Weil dem Entstehungsprozess des Gesetzesentwurfs für ein Gesetz gegen unseriöse Geschäftspraktiken falsche Annahmen und Irrtümer zu Grunde liegen, sind auch die Schlussfolgerungen und geplanten gesetzlichen Änderungen fehlgeleitet. Das Gesetz gegen unseriöse Geschäftspraktiken zielt hinsichtlich urheberrechtlicher Abmahnungen darauf ab, die Verfolgbarkeit von Urheberrechtsverstößen massiv zu erschweren bzw. unmöglich zu machen. Dies indem die Streitwerte bei Urheberrechtsverstößen pauschal und unabhängig vom Wert des betroffenen Rechts und unabhängig von der Bedeutung und dem Interesse des Berechtigten auf 1.000,- € festgesetzt werden. Ein solcher pauschaler Wert differenziert nicht nach den für Streitwerte massgeblichen Kriterien und unterschreitet die nach derzeitiger Rechtslage von unabhängigen Gerichten regelmäßig aus gutem Grund festgesetzten Streitwerte in auffälligem Maß. Die sich aus einem Pauschal-Streitwert von lediglich 1.000,- € berechnenden Rechtsanwaltsgebühren sind so niedrig, dass es auf der Hand liegt, dass eine ordentliche Mandatsbearbeitung in diesem Bereich, nicht auch zuletzt, weil es sich um ein rechtliches Spezialgebiet handelt, nicht möglich ist.

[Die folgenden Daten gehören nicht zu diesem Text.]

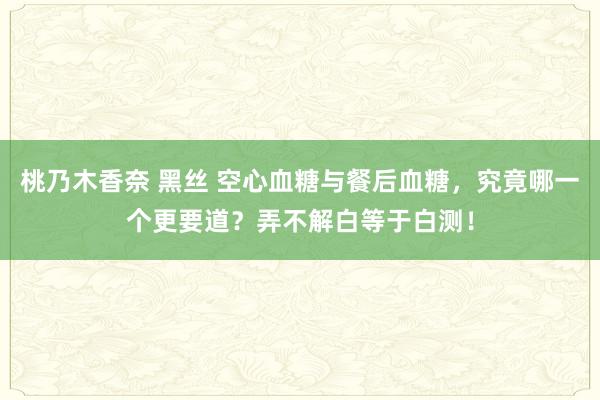 桃乃木香奈 黑丝 空心血糖与餐后血糖，究竟哪一个更要道？弄不解白等于白测！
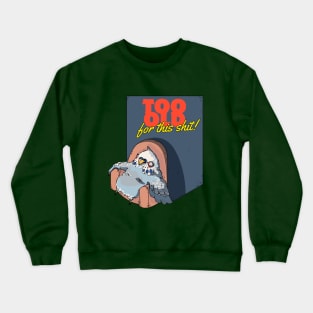 Too Old For This Shit, Birdie Crewneck Sweatshirt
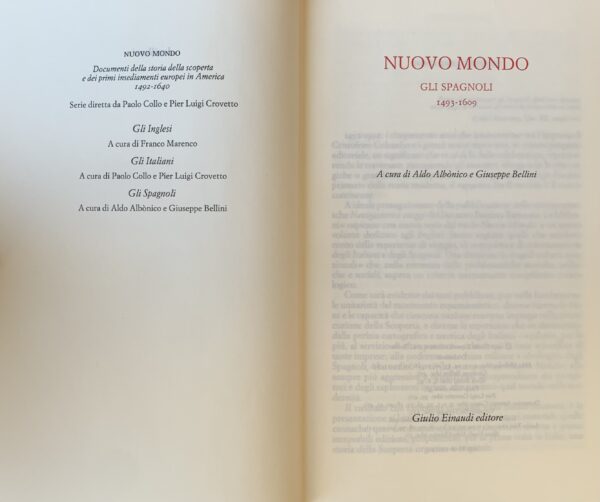 Albònico, Aldo e Bellini, Giuseppe (a cura di) - Nuovo Mondo. Gli Spagnoli 1493-1609   [Einaudi Torino, 1992]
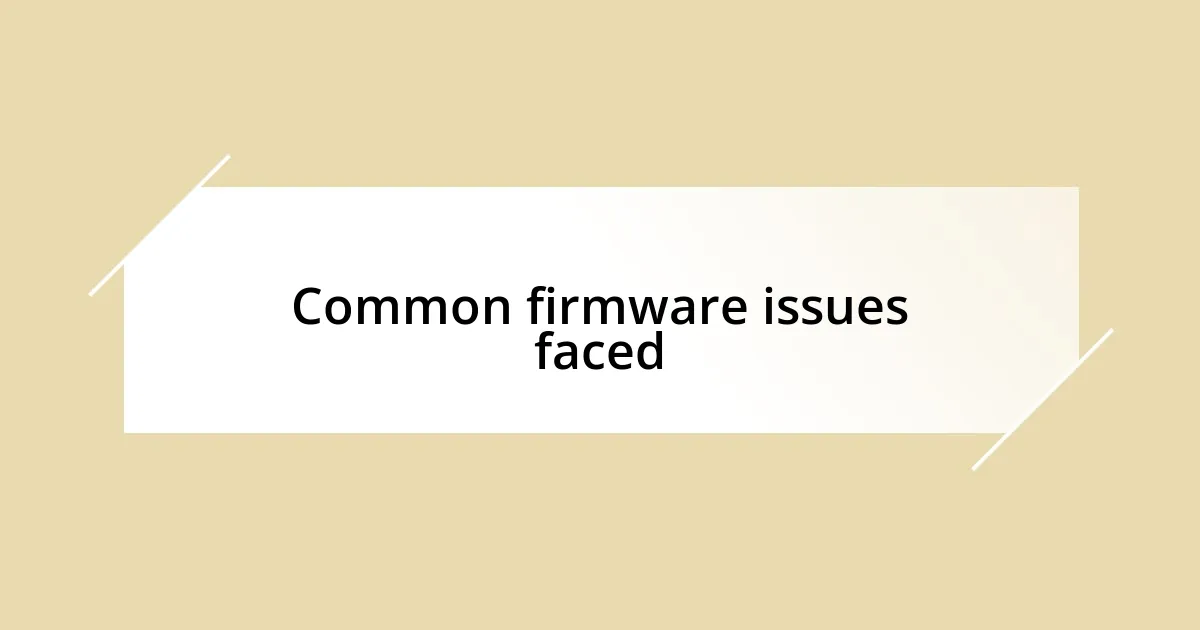 Common firmware issues faced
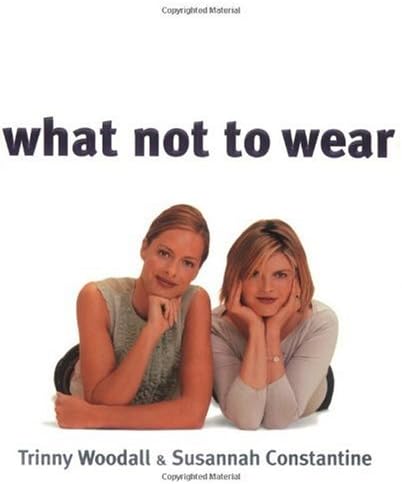 What Not to Wear Paperback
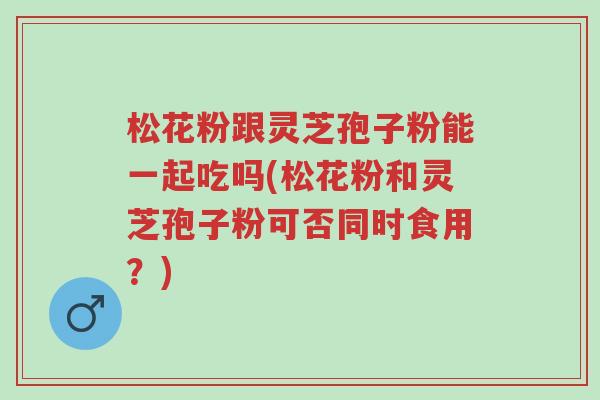松花粉跟灵芝孢子粉能一起吃吗(松花粉和灵芝孢子粉可否同时食用?)-第1张图片-超越 松花粉跟灵芝孢子粉能一起吃吗(松花粉和灵芝孢子粉可否同时食用?)-第1张图片-超越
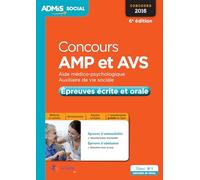 Concours AMP et AVS - Épreuves écrite et orale - Entraînement: Aide médico-psychologique et Auxiliaire de vie sociale - Concours 2016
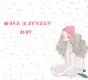HAVE A LOVELY DAY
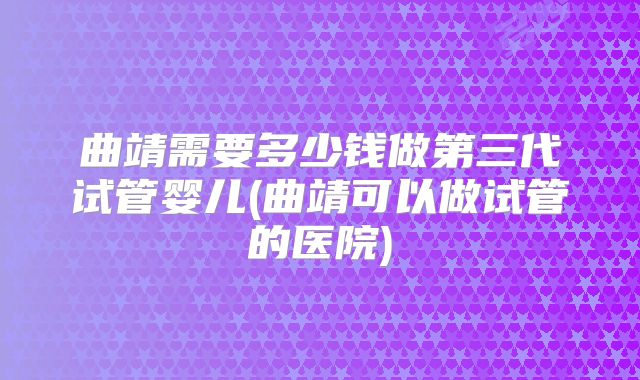 曲靖需要多少钱做第三代试管婴儿(曲靖可以做试管的医院)
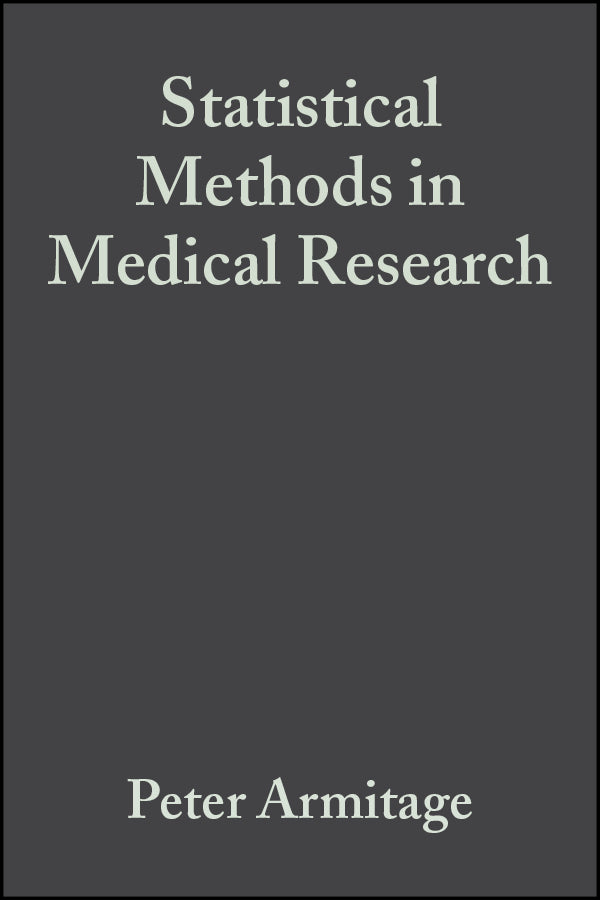 Statistical Methods in Medical Research 4e (Hardback) 9780632052578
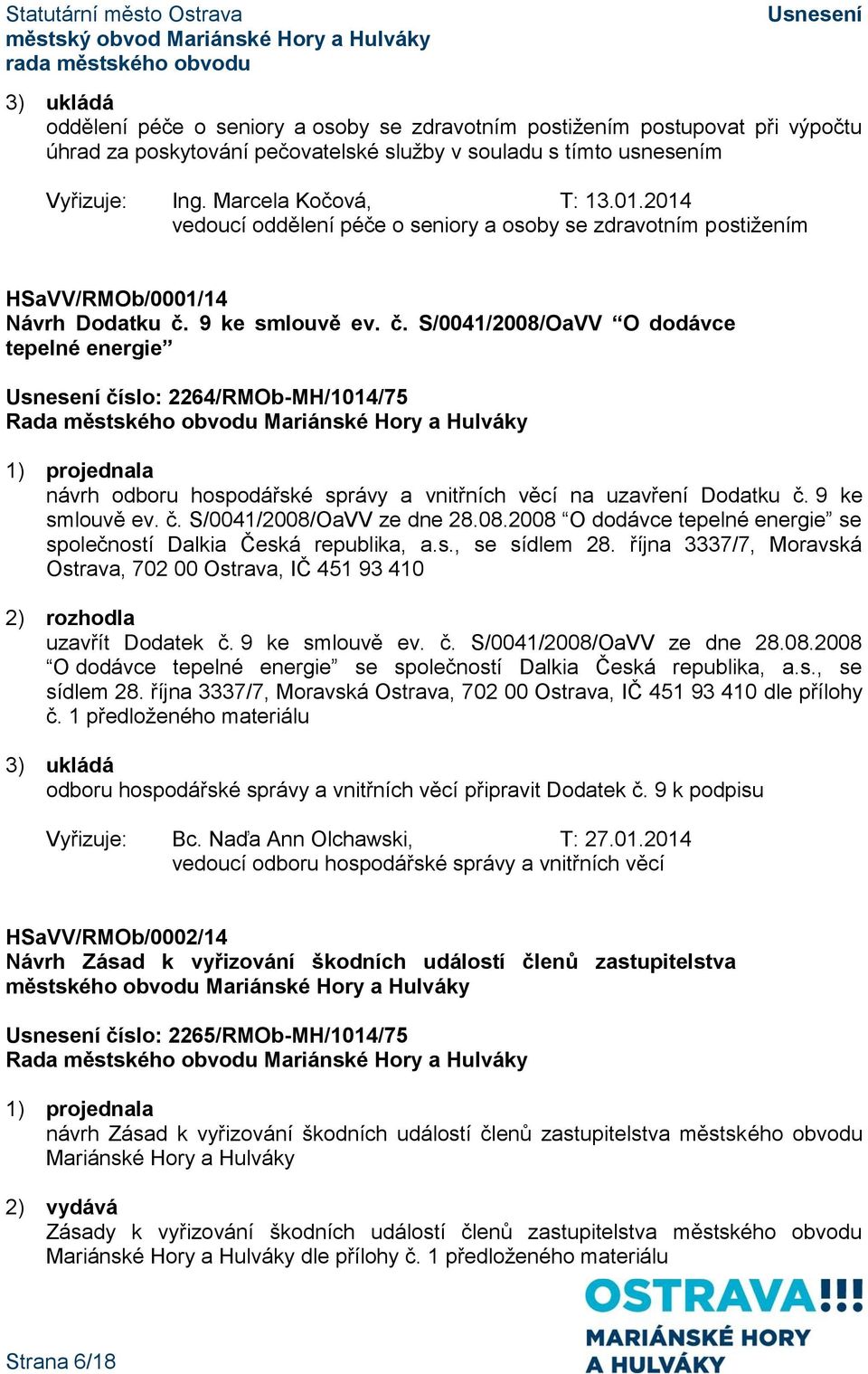 9 ke smlouvě ev. č. S/0041/2008/OaVV O dodávce tepelné energie číslo: 2264/RMOb-MH/1014/75 návrh odboru hospodářské správy a vnitřních věcí na uzavření Dodatku č. 9 ke smlouvě ev. č. S/0041/2008/OaVV ze dne 28.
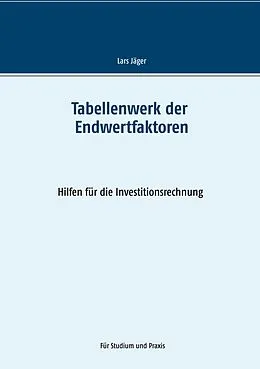 E-Book (pdf) Tabellenwerk der Endwertfaktoren von Lars Jäger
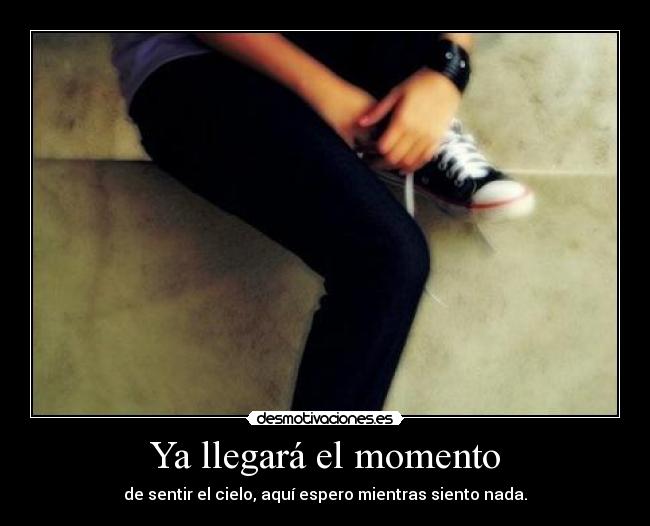 Ya llegará el momento - 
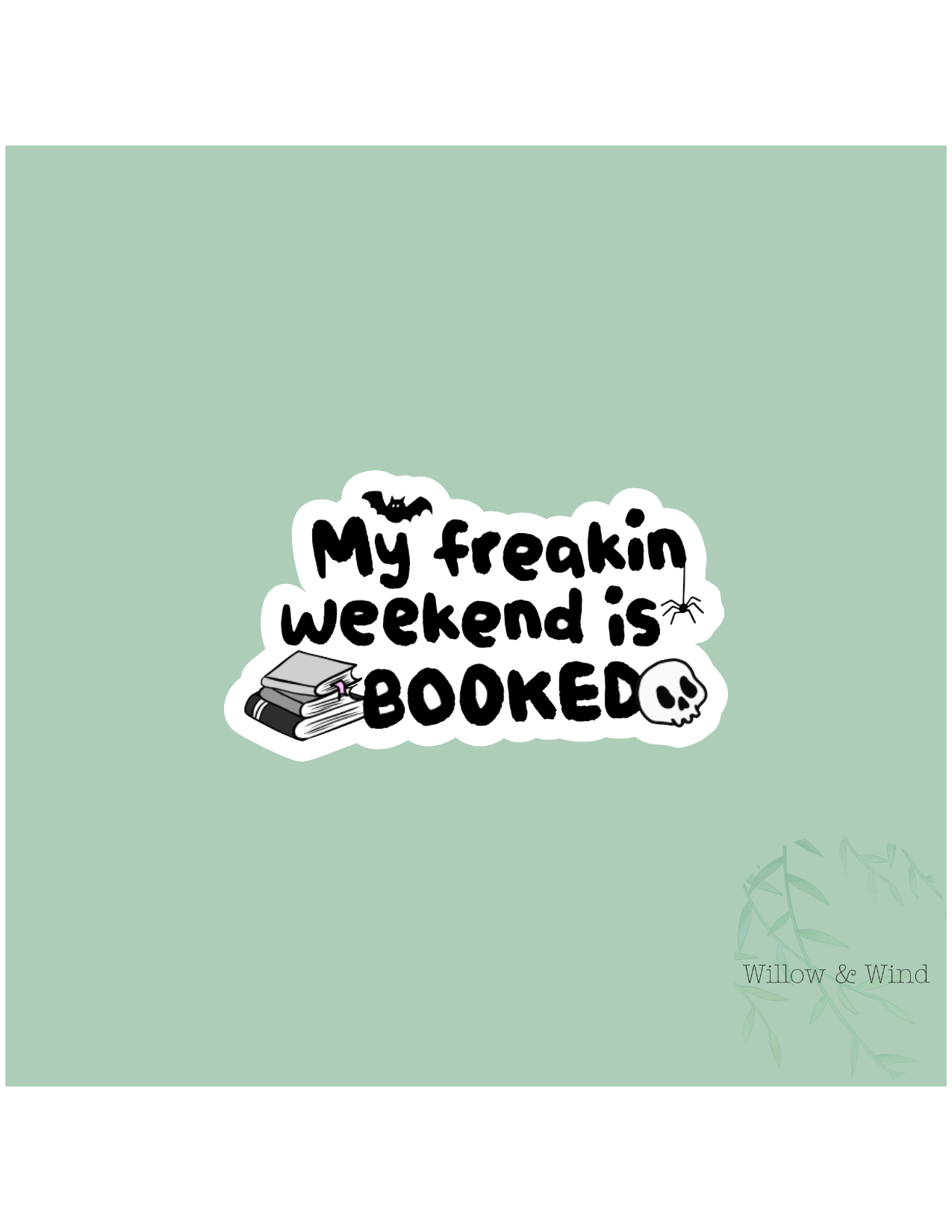 Freakin' Weekend is Booked - Bookish Sticker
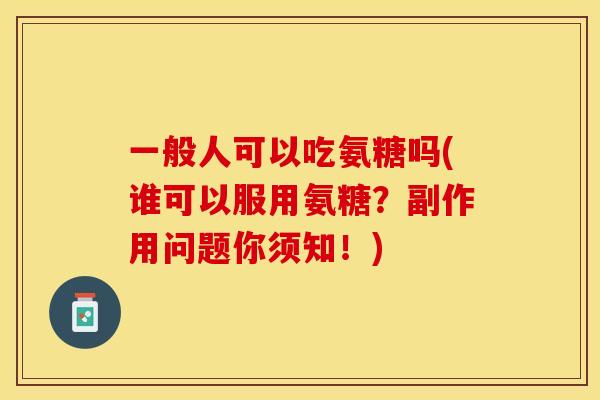一般人可以吃氨糖吗(谁可以服用氨糖？副作用问题你须知！)
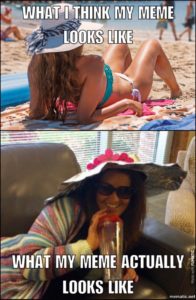 Meme of a woman sunbathing on the beach, facing the ocean, in a bikini, wearing a straw sunhat, below that image is another image of a different woman, smiling, laying sideways on a couch, with a sunhat, made from tinfoil, she's wearing a sweater, holding a clear plastic cup and smiling. The text on the top image reads: "What I think my meme looks like", and the text on the bottom image reads, "What my meme actually looks like"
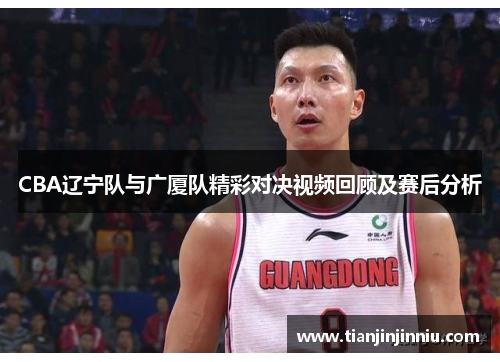 CBA辽宁队与广厦队精彩对决视频回顾及赛后分析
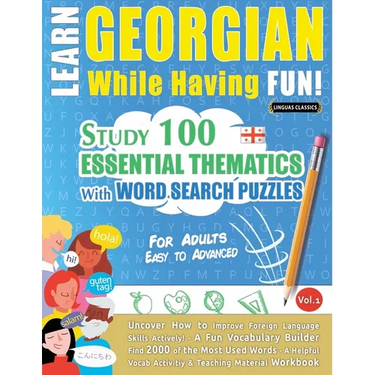 Learn Georgian While Having Fun! - For Adults: Easy to Advanced - Study 100 Essential Thematics with Word Search Puzzles - Vol.1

Eine Rechtsverfolgung im Urheberrecht würde durch das Gesetz nicht nur erschwert, sondern sogar faktisch unmöglich gemacht. Der Urheberrechtsschutz würde dadurch in weiten Teilen leer laufen. Dies ist nach Auffassung des Autors mit rechtsstaatlichen und verfassungsrechtlichen Grundsätzen, insbesondere mit der Eigentumgsgarantie des Art. 14 Grundgesetz und der Garantie eines effektiven Rechtsschutzes sowie mit der EU-Durchsetzungsrichtlinie (EU-Enforcement-Directive 2004/48/EC) nicht vereinbar. Ein Recht, das nicht durchgesetzt werden kann, ist wertlos. Eine Gesetzgebung, die darauf gerichtet ist, die Rechtsdurchsetzung zu erschweren, ist schlichtweg verfehlt. Ob sich das Bundesverfassungsgericht und der Eropäische Gerichtshof demnächst hiermit beschäftigen müssen, wird sich zeigen.

Auch die Bundesrechtsanwaltskammer (BRAK) hat sich in einer ausführlichen Stellungnahme vehement gegen die im Gesetz gegen unseriöse Geschäftspraktiken vorgesehenen Regelungen ausgesprochen. Nach Auffassung der Bundesrechtsanwaltskammer ist der Gesetzesentwurf nicht zielführend, systemwidrig und einzelne Regelungen ergeben gar keinen Sinn. Zudem ist er von sprachlichen Unzulänglichkeiten geprägt.